■ **Exercise directions**
Return exactly the lines of the entries that start at the line containing "Футболка с надписью" and continue to the last line. Omit the pictures.
- - -
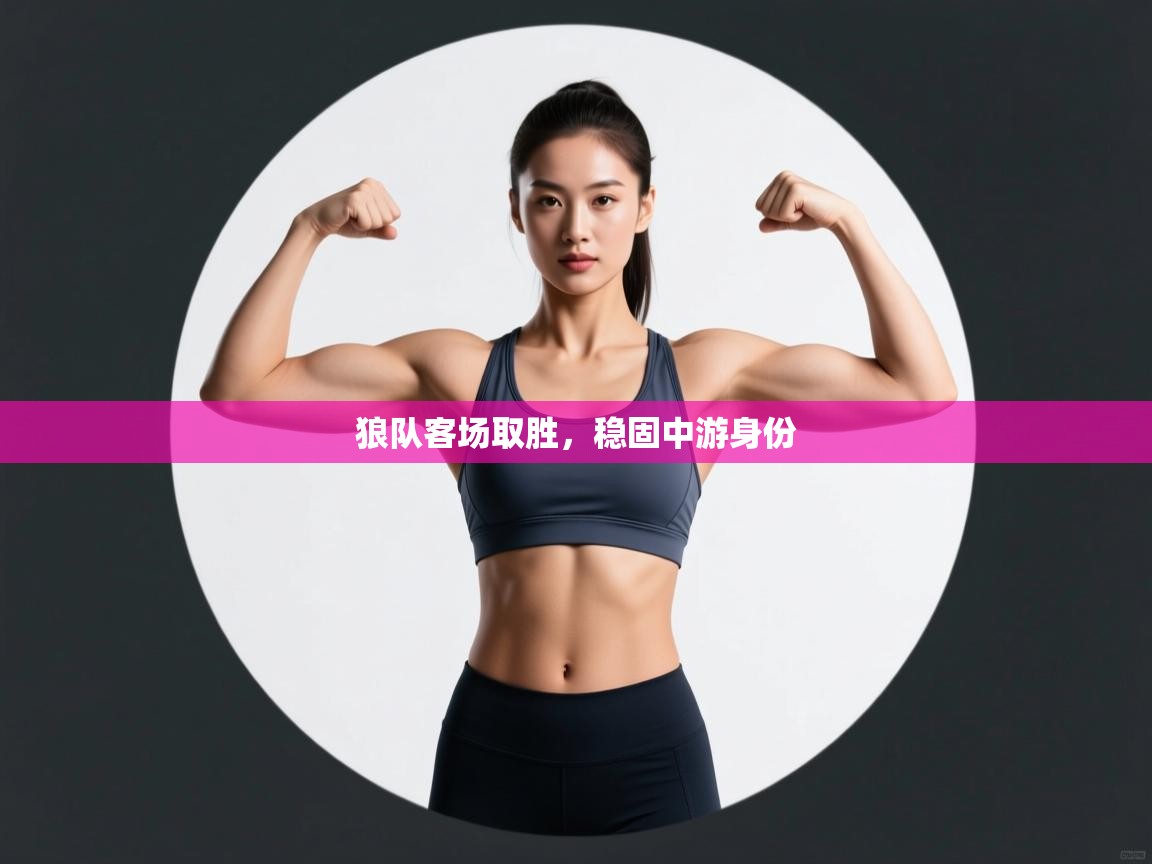 狼队客场取胜，稳固中游身份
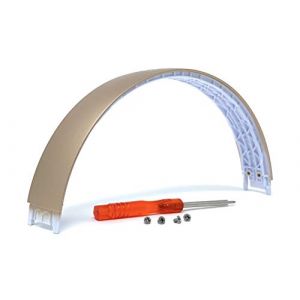 Bandeau de rechange pour casque Beats Solo 3 sans fil et Solo 2 Solo3 (dor&eacute;) (xperTEK UK, neuf)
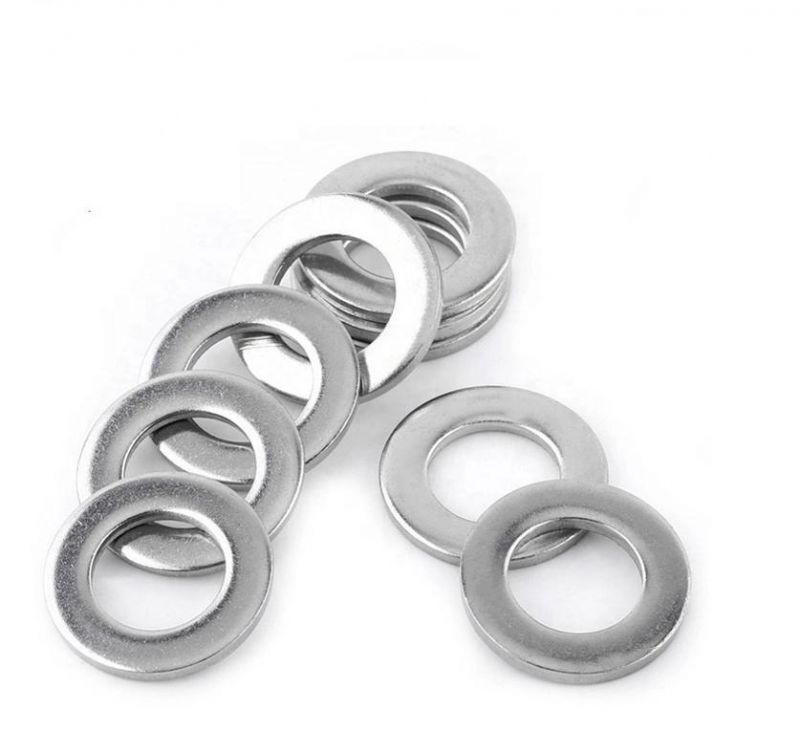 DIN9021 Flat Washer, Flat Gasket, Plain Fender Washer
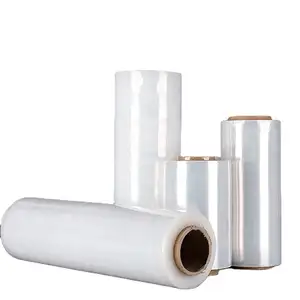 High Temperature Resistant And Stretchable PE Film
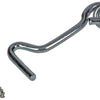 Mack 1017847 - windhaak staal verzinkt 2 st 3,0 x 50 mm | 10 stuks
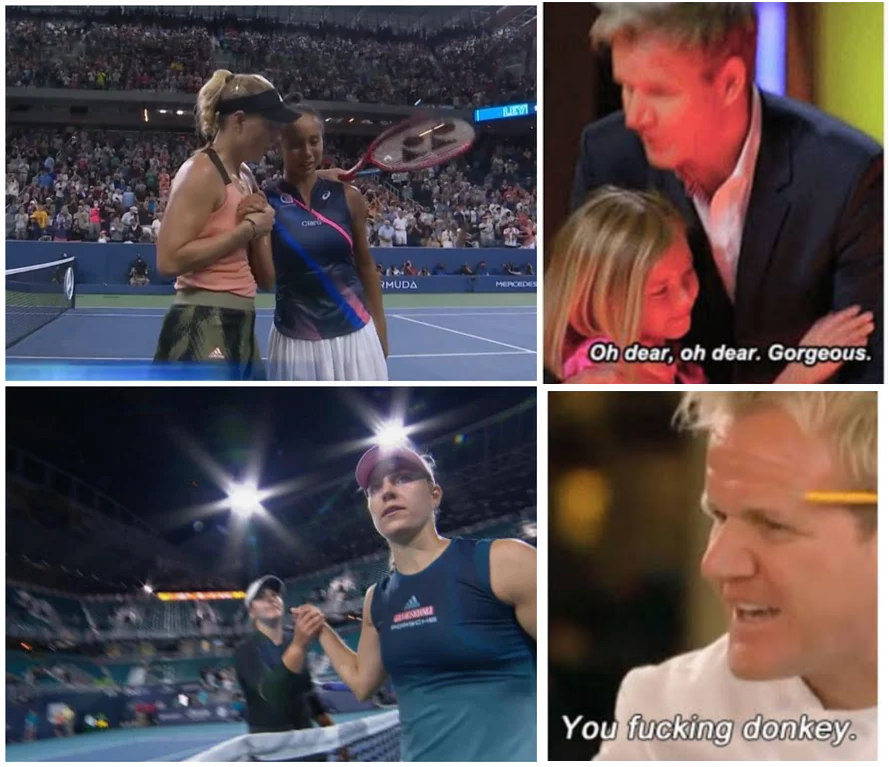 Angie Meme Fixed. r/tennis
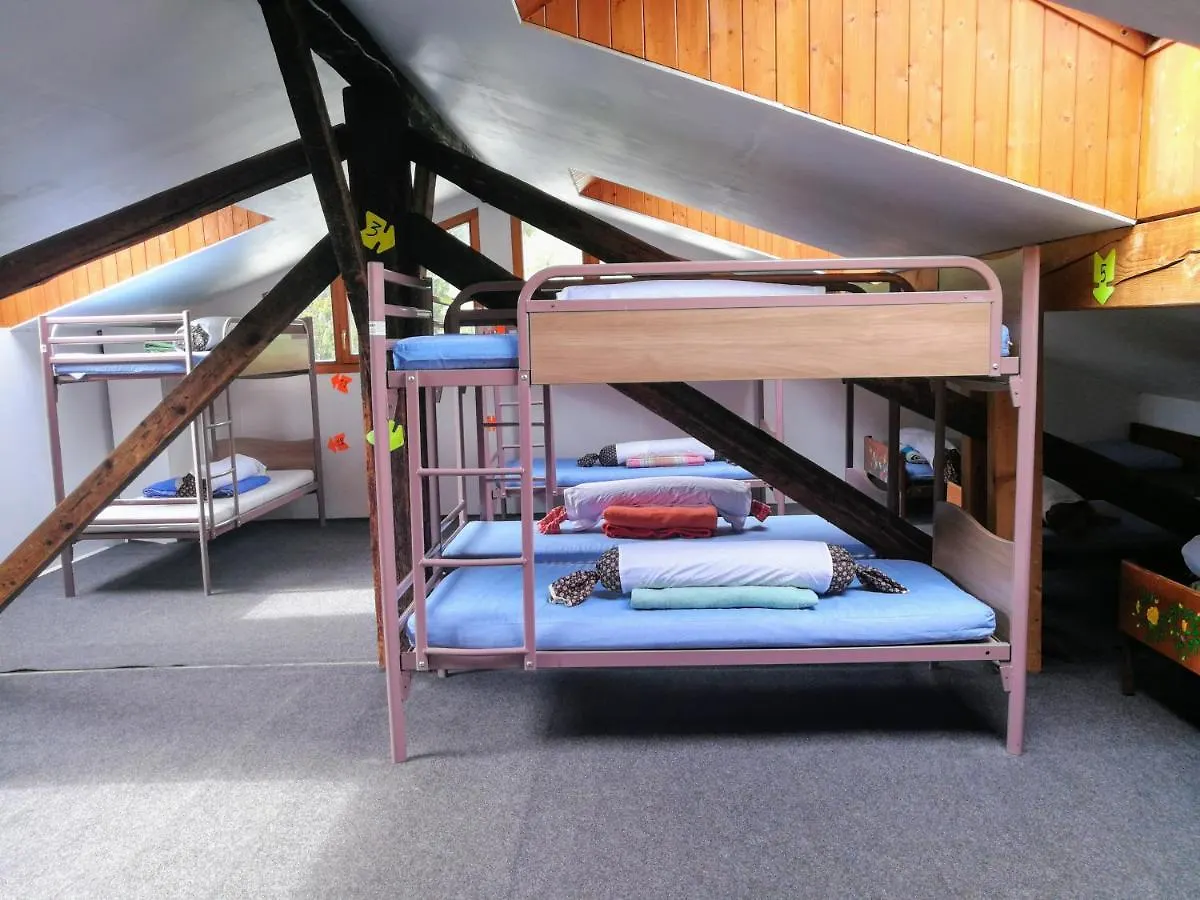 אכסניה הוסטל שאמוני Le Chamoniard Volant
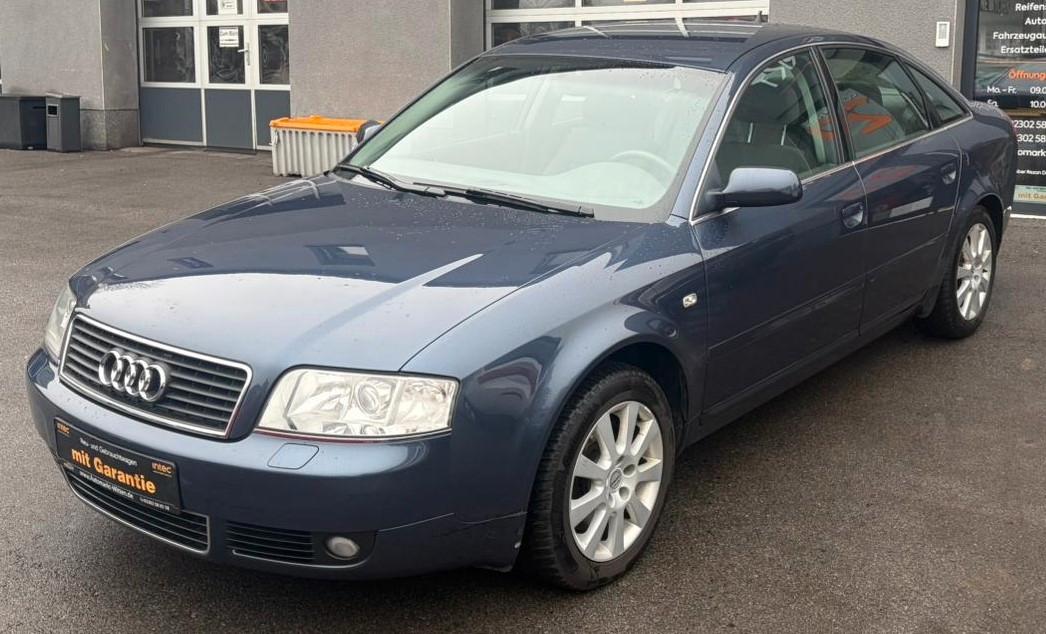 Audi A6 2.4 multitronic Automatik*XENON*Climatic*PDC*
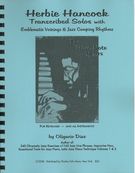 Transcribed Solos With Emblematic Voicings and Jazz Comping Rhythms : The Blue Note Years.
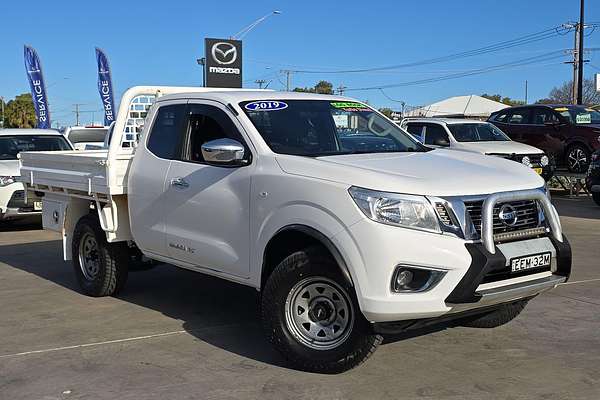 2019 Nissan Navara RX D23 Series 3 4X4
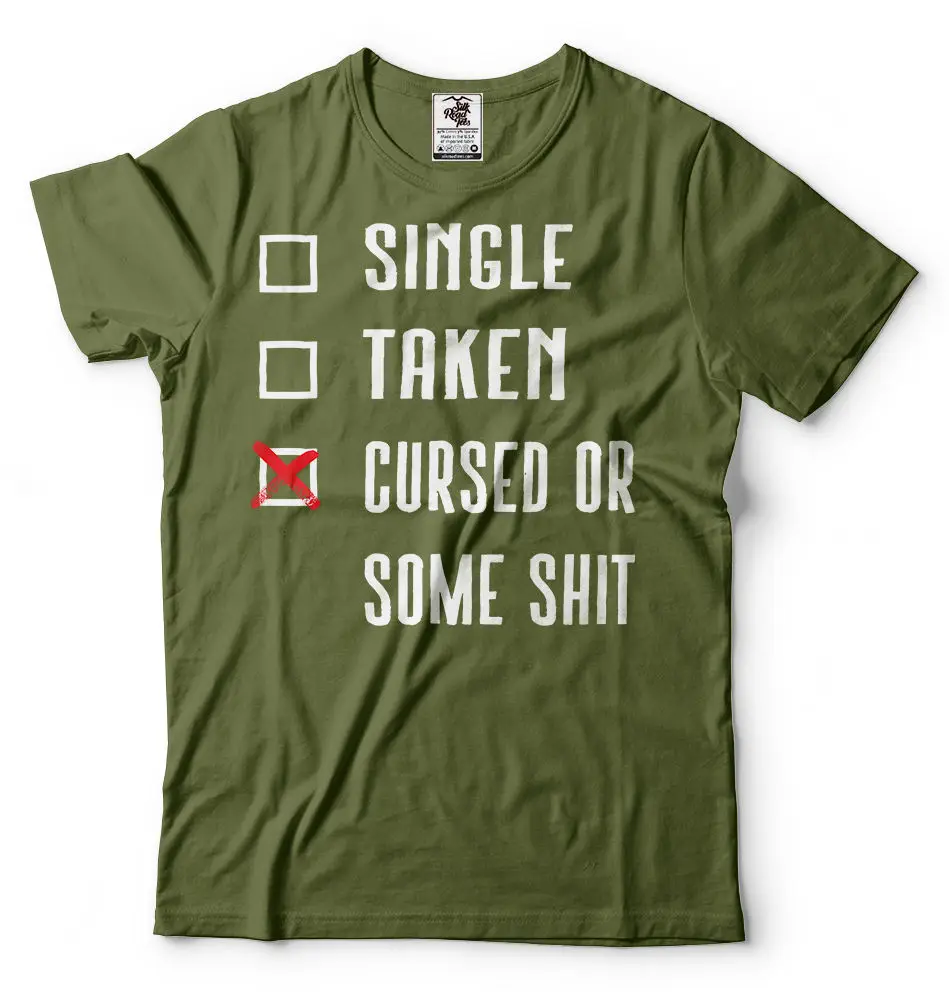 Футболка с надписью Funny relation 100% хлопок футболка Lonely Humor 2019|tee shirt|t-shirt funnyfunny tee shirt |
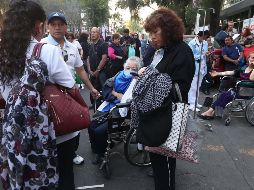 Equipos especiales ya trabajan en la reparación de las vías afectadas. SUN/B. Fregoso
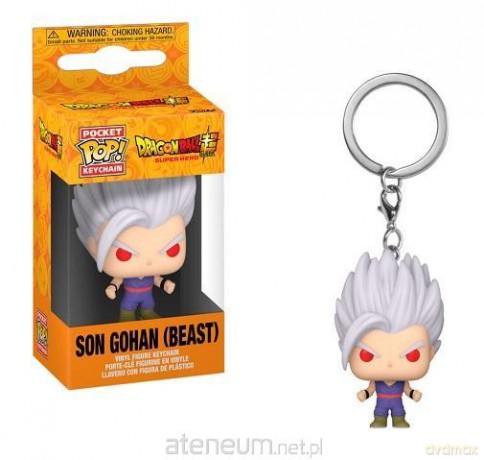 Funko Brelok POP Gohan Bestia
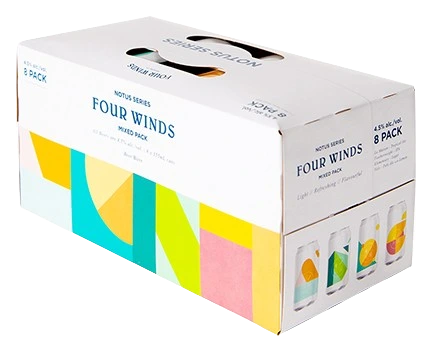 FOUR WINDS NOTUS MIXED PACK 355ML 8PK CAN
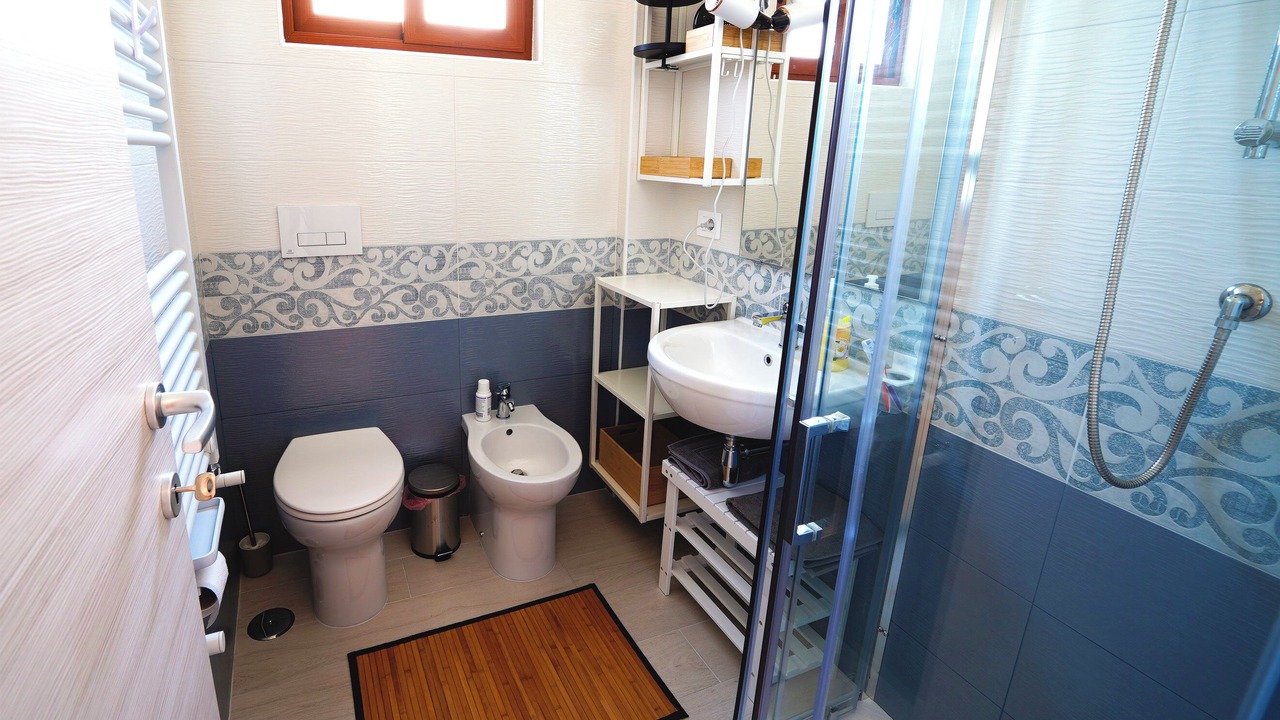 Photo of Bathroom in Salerno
- - -
■ **Solution for this task**
 Футболка с надписью Funny relation 100% хлопок футболка Lonely Humor 2019|tee shirt|t-shirt funnyfunny tee shirt |
 Equipos especiales ya trabajan en la reparación de las vías afectadas. SUN/B. Fregoso
 Funko Brelok POP Gohan Bestia
 FOUR WINDS NOTUS MIXED PACK 355ML 8PK CAN
 Photo of Bathroom in Salerno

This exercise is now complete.